2.1 Rename “Pattern” to “Prompt” everywhere¶

patterns.py → prompts.py
Pattern → Prompt
PatternCatalog → PromptCatalog
patterns_adapter.py → prompts_adapter.py
All public APIs, internal adapters, and domain mapping use the term Prompt.

This aligns with industry standards and removes ambiguity with Python’s built‑in regex Pattern type.

2.2 Adapter returns pure domain objects only¶

The adapter is the boundary between:

the external prompt disk/API system (prompts.py), and
internal domain structures (RenderedPrompt, Fingerprint).

Therefore:

PromptsAdapter.render(key, request)  
    → (RenderedPrompt, Fingerprint)

The adapter MUST NOT construct Provenance.
It only maps the prompt definition to domain structures and calculates the fingerprint.

2.3 Introduce a domain value object: Fingerprint¶

Fingerprint is now a first-class domain model located in domain.py. It describes exactly what was rendered and is the identity anchor for provenance.

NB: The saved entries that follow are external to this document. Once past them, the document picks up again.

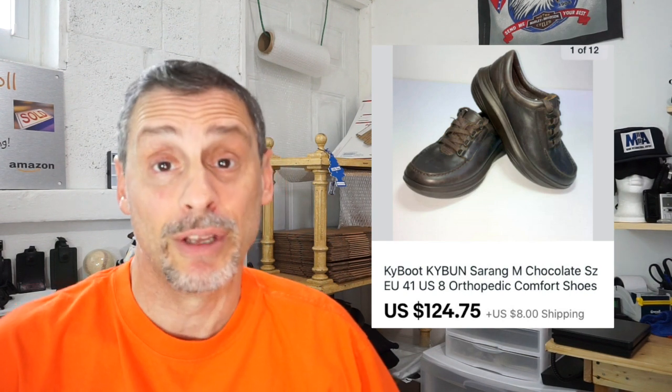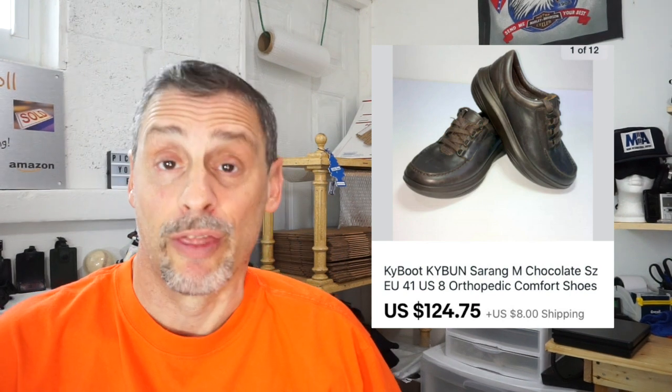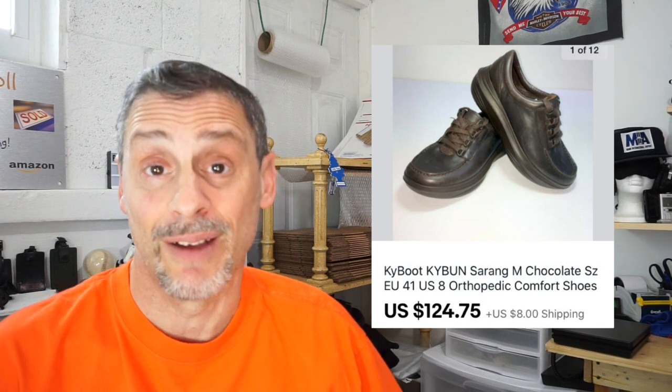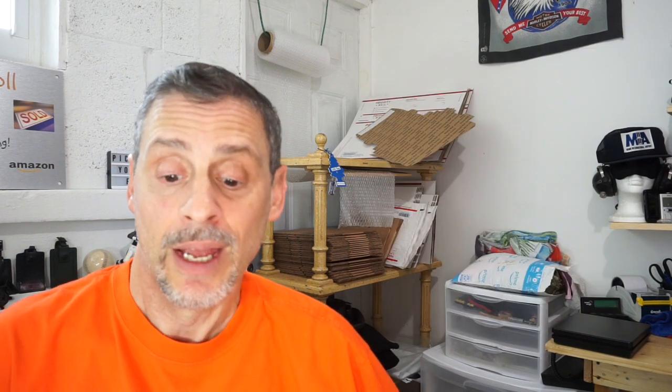Next up is a great pair — hard to find. I had never seen them before, but I found three pairs on that same day and paid five dollars per pair. The brand is called Kaibun — the Kaibun Sarang orthopedic comfort shoes — very expensive brand new, upwards of the $400 range. This one was a size 8, which is going to be a tough size to sell. Took about eight months to sell, sold for $124.75 plus $8 shipping, and netted $102.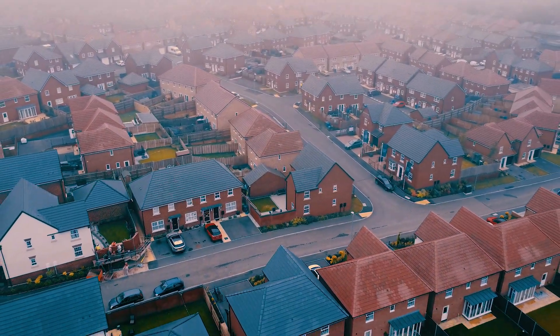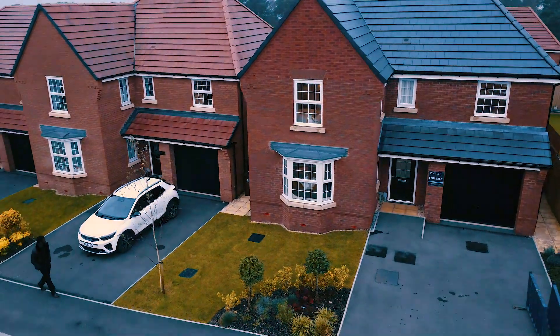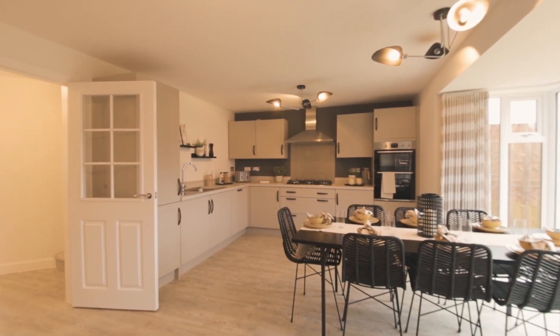Stop whatever you are doing and come and take a journey with me through our latest listing. This four-bed detached property is coming to the market with us very soon. I am standing in my favourite part of this property, this open-plan kitchen diner. So without further ado, come and take a look inside.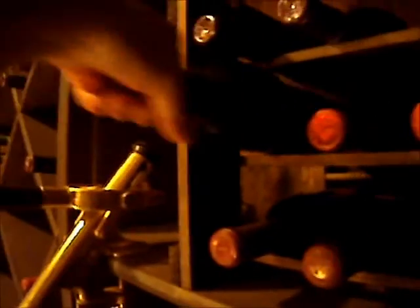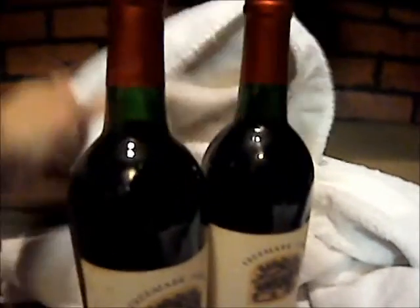And then we got, I believe, the Freemark Abbey. Yes, Freemark Abbey the Bosche right here. We'll grab another one — the Cabernet bottle. Same thing, right? Two bottles. Look at the levels, very nice. Trying the best I can, I'm an amateur. This is a Cab — Cabernet Sauvignon on the Freemark Abbey. Very nice levels. Can you see that? Trying to get it in there.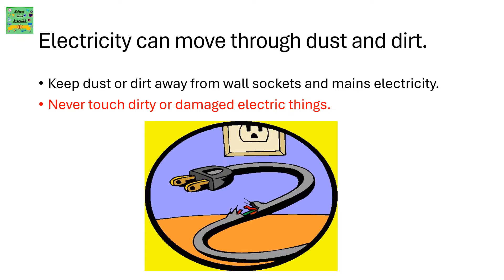Electricity can move through dust and dirt. Keep dust and dirt away from wall sockets and mains electricity. Never touch dust and dirt or damaged electric things.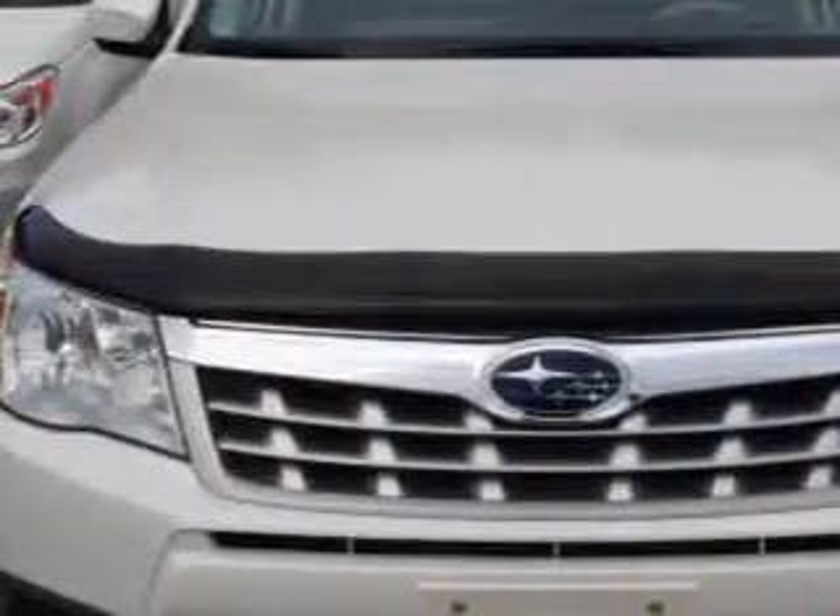You will love this satin white pearl coat 2012 Subaru Forester Wagon All-Wheel Drive, equipped with a four-cylinder engine and an automatic transmission. Enjoy an impressive 27 miles to the gallon on this great car.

class Fingerprint(BaseModel):
    schema_version: Literal["fp-1"] = "fp-1"
    prompt_key: str
    prompt_name: str
    prompt_base_path: str
    prompt_content_hash: str
    variables_hash: str
    user_string_hash: str

Properties:

schema_version supports future evolution.
Tracks prompt location, name, and content hashes.
Includes template variable hash and user string hash.
Immutable and serializable.

The adapter constructs this object.
The domain and service layers treat it as opaque identity metadata.

2.4 Move Provenance construction into `GenAIService`¶

Provenance belongs to the business layer. It is constructed after the provider call completes, because it must include execution details (provider, model, retry count, timestamps, etc.).

Provenance lives in domain.py and now includes a Fingerprint:

class Provenance(BaseModel):
    provider: str
    model: str
    sdk_version: str | None = None
    started_at: datetime
    finished_at: datetime
    attempt_count: int = 1
    fingerprint: Fingerprint

2.5 `provenance.py` becomes a helper/builder module¶

It now defines:

def build_provenance(
    *,
    fingerprint: Fingerprint,
    provider: str,
    model: str,
    sdk_version: str | None,
    started_at: datetime,
    finished_at: datetime,
    attempt_count: int,
) -> Provenance:
    ...

This is the only approved way to construct a Provenance object.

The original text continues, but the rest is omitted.